The dramatic tension of the story rests on the question of which vision of society will prevail. Must this startlingly kind and generous newcomer face an endless struggle to survive and be utterly unable to escape her status as the ‘other’? Or will the community find within itself the capacity for kindness and generosity to open up belonging to the stranger? The narrative alerts us to a kindness that is conferred automatically upon kin, but also to a more complicated and difficult kindness that is extended to the stranger and the foreigner. The latter is a more costly kindness.
Our conversations throughout these islands confirmed for us what we had anticipated: that austerity and economic uncertainty have reduced our store of compassion and hollowed out traditional kindnesses, particularly towards those who are not born here. It may very well be that the dimension of the pro-Brexit vote that was characterised as anti-immigration is fused with a great degree of economic and social marginalisation.
Regardless of the outcome of Brexit there is a generational project for the healing of the wounds of this political, social and cultural upheaval. It will not be served well by a restatement of British nationalist values nor by hasty calls for Irish unity. Nevertheless a programme for national and community reconciliation is required; one that extends beyond a simple resolution of the argument about Europe or the border on the island of Ireland. It must restore faith in politics, address issues of social and economic inequality, and heal the divisions that have bedeviled the island of Ireland for centuries now.
That process can begin now with the moderation of language used about the ‘other,’ whether those on the other side of the identity question here in Ireland or on the question of Brexit in the UK. It takes courage to believe that compassion and kindness in our relationships towards one another can have a powerful, positive political impact.

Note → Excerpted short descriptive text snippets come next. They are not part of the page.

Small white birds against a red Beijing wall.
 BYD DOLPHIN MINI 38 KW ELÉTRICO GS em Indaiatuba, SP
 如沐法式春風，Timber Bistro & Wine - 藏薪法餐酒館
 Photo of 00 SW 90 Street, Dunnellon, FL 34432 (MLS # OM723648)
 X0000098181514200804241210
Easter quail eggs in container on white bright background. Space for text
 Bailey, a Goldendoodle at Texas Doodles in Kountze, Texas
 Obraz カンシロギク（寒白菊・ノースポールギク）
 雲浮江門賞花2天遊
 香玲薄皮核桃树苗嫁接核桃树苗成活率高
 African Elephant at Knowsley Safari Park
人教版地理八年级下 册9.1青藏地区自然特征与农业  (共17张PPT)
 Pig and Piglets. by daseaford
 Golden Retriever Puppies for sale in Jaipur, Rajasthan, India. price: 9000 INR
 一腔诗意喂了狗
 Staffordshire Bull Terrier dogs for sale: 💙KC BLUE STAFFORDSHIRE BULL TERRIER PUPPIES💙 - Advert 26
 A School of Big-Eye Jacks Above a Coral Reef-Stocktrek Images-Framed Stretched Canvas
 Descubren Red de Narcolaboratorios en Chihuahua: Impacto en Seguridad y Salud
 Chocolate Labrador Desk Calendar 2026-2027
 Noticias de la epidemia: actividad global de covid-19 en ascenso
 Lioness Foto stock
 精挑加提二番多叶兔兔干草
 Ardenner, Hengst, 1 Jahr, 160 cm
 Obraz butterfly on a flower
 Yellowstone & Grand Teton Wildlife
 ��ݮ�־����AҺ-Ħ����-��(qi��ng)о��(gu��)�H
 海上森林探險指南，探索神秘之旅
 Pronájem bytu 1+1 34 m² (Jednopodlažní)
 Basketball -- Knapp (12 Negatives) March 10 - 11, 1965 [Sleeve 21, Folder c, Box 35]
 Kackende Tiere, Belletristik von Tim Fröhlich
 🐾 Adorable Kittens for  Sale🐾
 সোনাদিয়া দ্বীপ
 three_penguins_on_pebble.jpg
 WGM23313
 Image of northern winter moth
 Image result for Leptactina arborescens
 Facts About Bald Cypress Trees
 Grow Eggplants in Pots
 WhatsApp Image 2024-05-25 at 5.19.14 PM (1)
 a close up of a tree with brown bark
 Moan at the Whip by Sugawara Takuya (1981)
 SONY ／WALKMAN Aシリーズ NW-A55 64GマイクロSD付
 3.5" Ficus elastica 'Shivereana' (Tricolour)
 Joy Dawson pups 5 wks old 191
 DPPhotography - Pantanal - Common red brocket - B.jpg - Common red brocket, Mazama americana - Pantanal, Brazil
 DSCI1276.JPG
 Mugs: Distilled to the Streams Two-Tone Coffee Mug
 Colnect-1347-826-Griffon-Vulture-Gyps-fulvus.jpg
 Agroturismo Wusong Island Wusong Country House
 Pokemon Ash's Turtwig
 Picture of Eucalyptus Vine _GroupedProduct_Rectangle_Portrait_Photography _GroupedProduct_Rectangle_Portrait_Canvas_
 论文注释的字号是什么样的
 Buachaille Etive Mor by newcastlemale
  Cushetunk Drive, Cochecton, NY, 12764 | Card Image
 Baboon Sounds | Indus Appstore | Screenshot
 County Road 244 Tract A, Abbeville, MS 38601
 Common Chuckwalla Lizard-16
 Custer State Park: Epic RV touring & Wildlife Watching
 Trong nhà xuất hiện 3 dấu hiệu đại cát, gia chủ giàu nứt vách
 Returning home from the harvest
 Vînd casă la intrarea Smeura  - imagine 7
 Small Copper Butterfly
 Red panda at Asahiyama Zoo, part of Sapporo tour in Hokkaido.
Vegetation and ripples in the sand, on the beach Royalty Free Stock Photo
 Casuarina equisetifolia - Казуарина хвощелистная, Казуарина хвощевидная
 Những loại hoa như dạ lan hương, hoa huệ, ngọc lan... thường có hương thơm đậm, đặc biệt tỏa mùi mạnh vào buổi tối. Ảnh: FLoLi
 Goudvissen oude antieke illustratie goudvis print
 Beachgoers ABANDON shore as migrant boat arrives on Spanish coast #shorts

We must also turn ourselves more diligently and honestly to the issue of the stranger among us.
In our various jurisdictions, law is formed for the benefit of those who claim citizenship. However the significant increase in migration in recent years has placed a strain upon all wealthy countries both economically and culturally, but also on the structures and institutions of the state. The lesson from Ruth is that the intent of the law matters more than its application and where the application of a law of the land results in an unintended unkindness this is a bad law which must be changed.
I’m not necessarily making a call for fully open borders, but it is, at least, a plea to ensure that the way we treat those and speak of those who come across our borders is honest, transparent, compassionate and kind. There is particular responsibility on the shoulders of those who have access to public platforms not to demonise or dehumanise others. In this way we can at least raise the tone of the national debate and possibly even find a better way of being ourselves at a local, national and international level.
There is a profound responsibility for kindness and generosity that comes with the immense privileges of having a passport at all, no matter whether its cover is a burgundy, or blue.
Glenn Jordan is Public Theology Programme Manager at the Corrymeela Community in Northern Ireland.